To many people, it was just another government building. Since it housed several government departments, it was an extremely busy place, and this created a few challenges.
For some reason some lifts never worked, and the waiting area was often in semi-darkness. This prompted a former Nation columnist to write that every time he visited the building he was always of being mugged as he waited for the lifts.
There was a particularly notorious lift that would skip the fifth floor, then jump up to the eighth where the doors would refuse to open.
It would then descend to the fifth floor where it would finally open. For first time visitors, it was a confusing routine. For veterans, it symbolised the perils of visiting Nyayo House.
At the time, visitors never understood why the Administration Police officers never allowed them to use the stairs, even when they were just going to the first floor.
As a result there was always a crowd of people literally fighting to get into the lifts. Sometimes the APs would drive people out of the compound until order returned.

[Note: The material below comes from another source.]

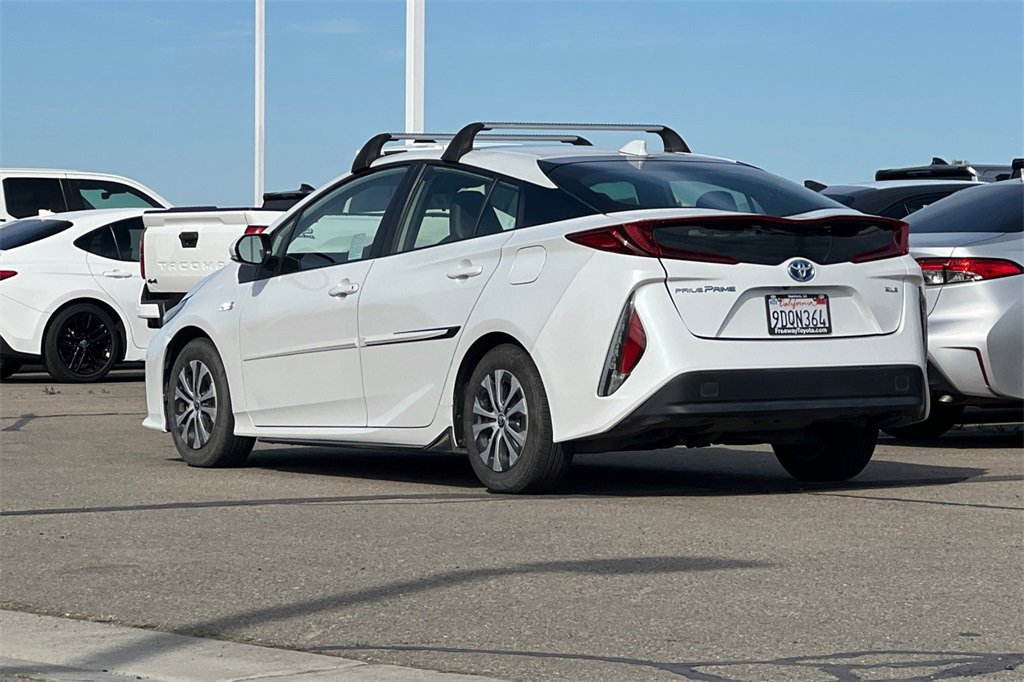 Certified 2022 Toyota Prius Prime XLE image 7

Over time, Nyayo House evolved into a bastion of corruption. particularly at the Immigration department where it was impossible to get a passport with paying a bribe.
The corridors teamed with middlemen who solicited bribes for officers in-charge of issuing passports, driving licences, road licences, permission to open a bar and letter to join Form One for Nairobi Province students.
Matters were made worse by the civil servants who were not only unfriendly but also bullish. It was a place many visited with trepidation.
Unknown to many people who frequented Nyayo House, there was usually at least one Kenyan undergoing torture in the building’s underground chambers.
Their horrors are now coming into the open through court cases and hearings of the Truth, Justice and Reconciliation Commission (TJRC).
Although some former detainees have won cases for compensation for torture and unlawful confinement, most are yet to recover from the physical and psychological injuries.
“No amount of years or counselling can get me over the hurdle of what this building symbolises in my life,” lawyer Wanyiri Kihoro told the Sunday Nation.
Mr Kihoro, like most detainees, was locked up and tortured in the building before being sent to prison. He said most of the detainees were Kenyans the government considered to be dissidents in the 1980s.
After being tortured for days, the detainees would be taken to court at dusk where they would plead guilty to charges of sedition rather return to the dark chambers.
“People would get shivers just from passing by the building’s entrance. It was shrouded in so much mystery that it would seem your own personal demons came alive with each step towards it,” says Mr Kihoro.
Last month, former Subukia MP Koigi wa Wamwere became the latest Kenyan to be compensated for the suffering he went through while in detention.
The government did not deny the torture allegations and based on previous settlements, the court awarded him Sh2.5 million as damages and compensation.
Trail of contradictions
The government insists the torture chambers were never part of the building plan. And no one is saying at what point the building became into the torture headquarters for the country.
Mr AA Ngotho, who served as the chief government architect when Nyayo House was built, told the Nation in 2003 that the building was set up to house Special Branch offices.
During construction, his department was directed to only deal with three people: Two senior officers from the Special Branch and Mr Parkins, a British national whose role in the project Mr Ngotho claimed not to know.
“Mr Parkins would come and change the plan from time to time. He never said why or what the building was for. The Special Branch had its team of technicians who did the electrical fittings and fixed the telephone system,” he said.
Apart from Nyayo House, the Special Branch also operated from Nyati House on Loita Street that also housed torture chambers.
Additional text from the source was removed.